[RECORDS TO USE]
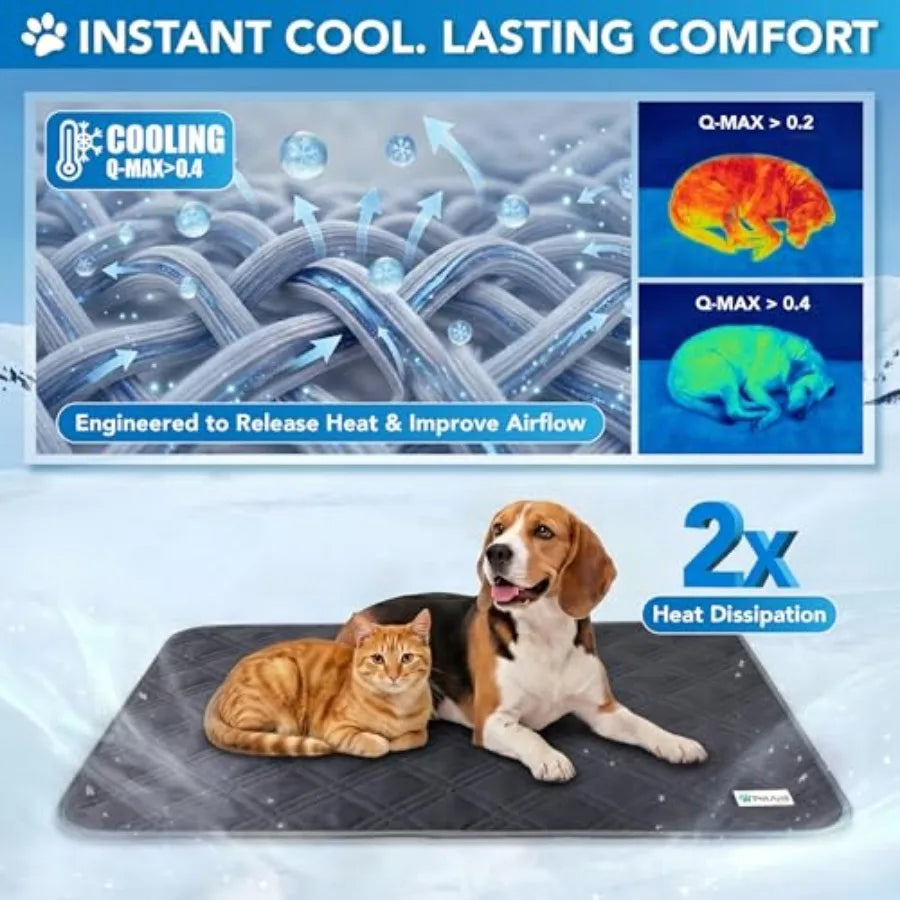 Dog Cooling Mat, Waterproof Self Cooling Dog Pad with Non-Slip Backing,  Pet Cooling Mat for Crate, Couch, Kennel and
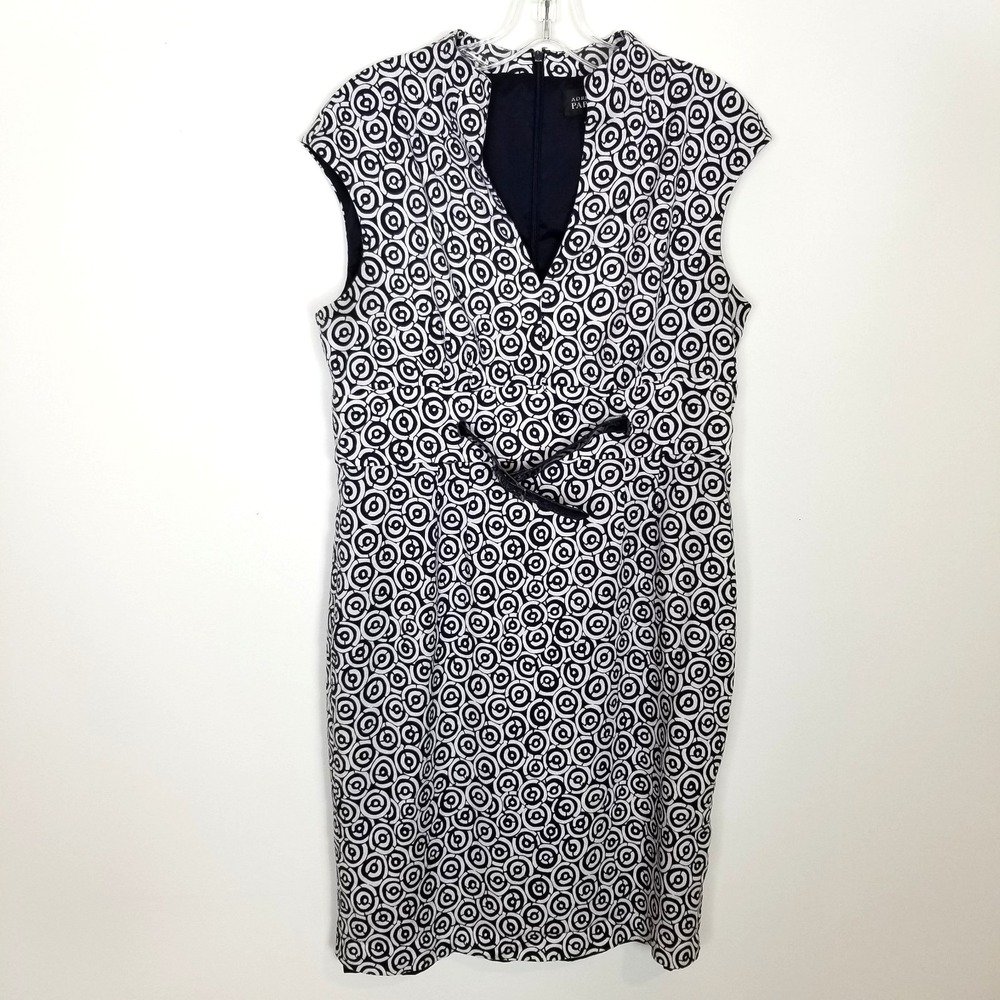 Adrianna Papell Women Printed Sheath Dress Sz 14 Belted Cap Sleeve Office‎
[/RECORDS TO USE]
[RECORDS TO USE]
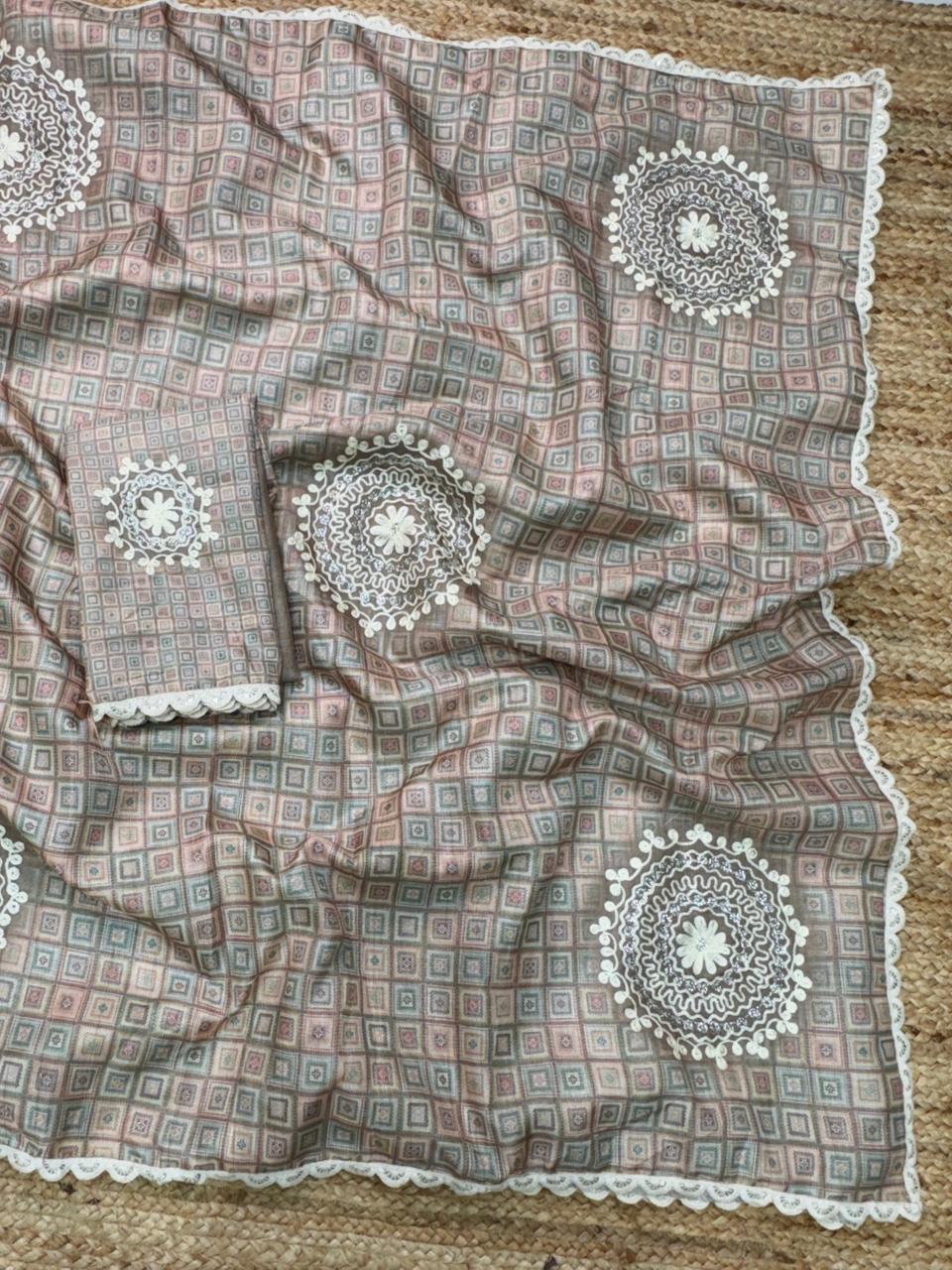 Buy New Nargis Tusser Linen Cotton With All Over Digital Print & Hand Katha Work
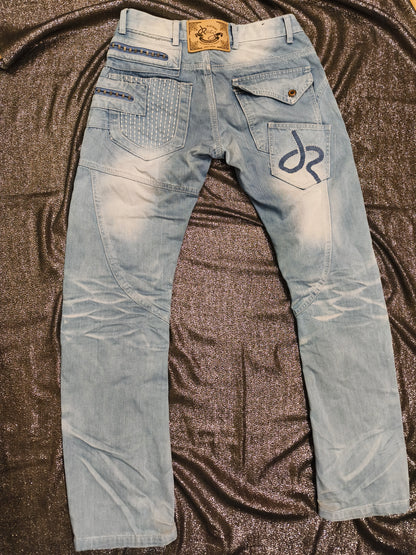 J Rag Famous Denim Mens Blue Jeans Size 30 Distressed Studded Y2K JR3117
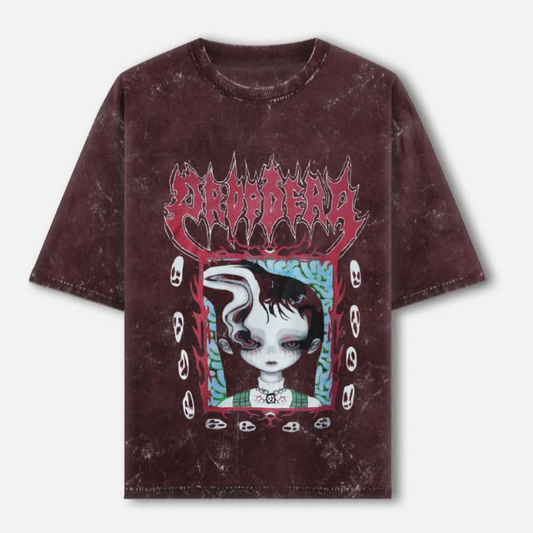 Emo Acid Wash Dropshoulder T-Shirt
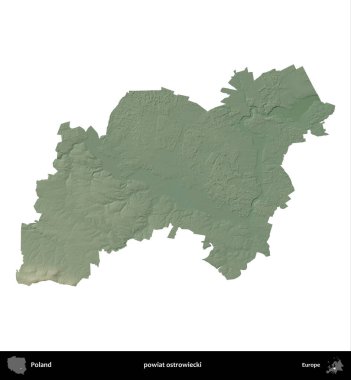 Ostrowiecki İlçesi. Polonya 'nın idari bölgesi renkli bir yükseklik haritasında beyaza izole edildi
[/RECORDS TO USE]
#### [ACTION ITEM]
Starting at the line above that has "J Rag Famous" and ending at the line that has "Ostrowiecki İlçesi. Polonya", copy each line exactly, leaving the pictures out and adding nothing.

#### [ANSWER]
 J Rag Famous Denim Mens Blue Jeans Size 30 Distressed Studded Y2K JR3117
 Emo Acid Wash Dropshoulder T-Shirt
 Ostrowiecki İlçesi. Polonya 'nın idari bölgesi renkli bir yükseklik haritasında beyaza izole edildi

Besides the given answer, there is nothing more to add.